FCC Repeals Net Neutrality Rules

The FCC today voted to repeal net neutrality rules.

The agency scrapped the so-called net neutrality regulations that prohibited broadband providers from blocking websites or charging for higher-quality service or certain content. The federal government will also no longer regulate high-speed internet delivery as if it were a utility, like phone service.

FCC Chair Ajit Pai joined with the two Republican members of the FCC to make the vote a 3-2 decision.

His views read like trickle-down falsities to me: [More...]

Pai says:

“We are helping consumers and promoting competition,” Mr. Pai said in a speech before the vote. “Broadband providers will have more incentive to build networks, especially to underserved areas.”

The New York Times reports on his record :

In his first 11 months as chairman, he has lifted media ownership limits, eased caps on how much broadband providers can charge business customers and cut back on a low-income broadband program that was slated to be expanded to nationwide carriers.
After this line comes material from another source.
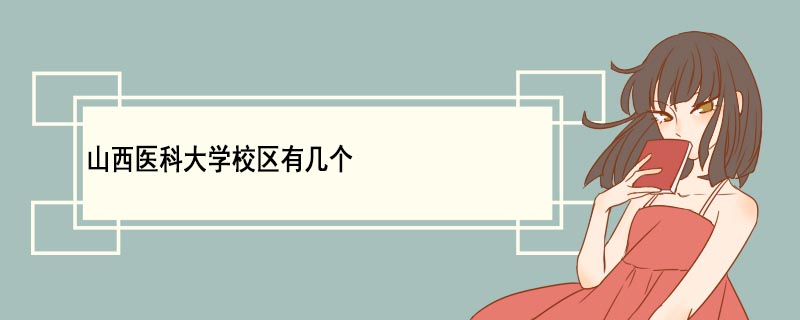 山西醫(yī)科大學(xué)校區(qū)有幾個(gè) 山西醫(yī)科大學(xué)優(yōu)勢專業(yè)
I don't think there is a single member of the Trump Administration who knows what he (or she) is talking about. Either that or they lie deliberately.

Here is Pai's statement from April.

What it may mean for you:

Many consumer advocates have argued that if the rules get scrapped, broadband providers will begin selling the internet in bundles, not unlike how cable television is sold today. Want to access Facebook and Twitter? Under a bundling system, getting on those sites could require paying for a premium social media package.

In some countries, internet bundling is already happening. In October, Representative Ro Khanna, Democrat of California, posted a screenshot on Twitter from a Portuguese mobile carrier that showed subscription plans with names like Social, Messaging and Video. He wrote that providers were “starting to split the net.”

The internet will be split into fast and slow lanes. Where do you think you'll end up? According to the Times:

Another major concern is that consumers could suffer from pay-to-play deals. Without rules prohibiting paid prioritization, a fast lane could be occupied by big internet and media companies, as well as affluent households, while everyone else would be left on the slow lane.

This vote is bad for consumers. AT&T Inc, Comcast and Verizon will control the keys to the internet kingdom, along with Amazon, Apple, Facebook, Google and Microsoft. They will decide what you can access, what you must pay and how quickly your service will work. They will work together for their benefit, not our benefit.

Some argue the internet has long been dying a slow death.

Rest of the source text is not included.